## [Data excerpt]
----------

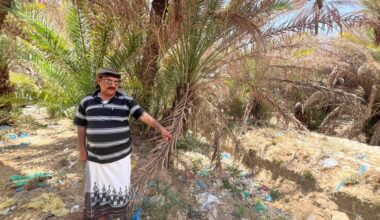 Yemen’s valleys and farms are full of dangerous plastic waste | Environment News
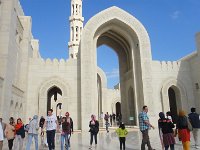 Oman Muscat Mosque S Qabus 44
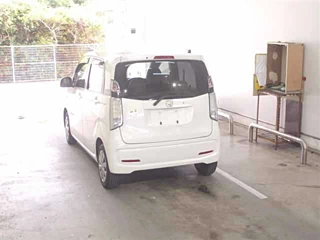 HONDA N WGN 2014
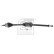 Drive shaft 183819 FEBI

----------

## [Work instruction]
Quote the data above in full, leaving out the pictures it holds.

## [Output for this task]
 Yemen’s valleys and farms are full of dangerous plastic waste | Environment News
 Oman Muscat Mosque S Qabus 44
 HONDA N WGN 2014
 Drive shaft 183819 FEBI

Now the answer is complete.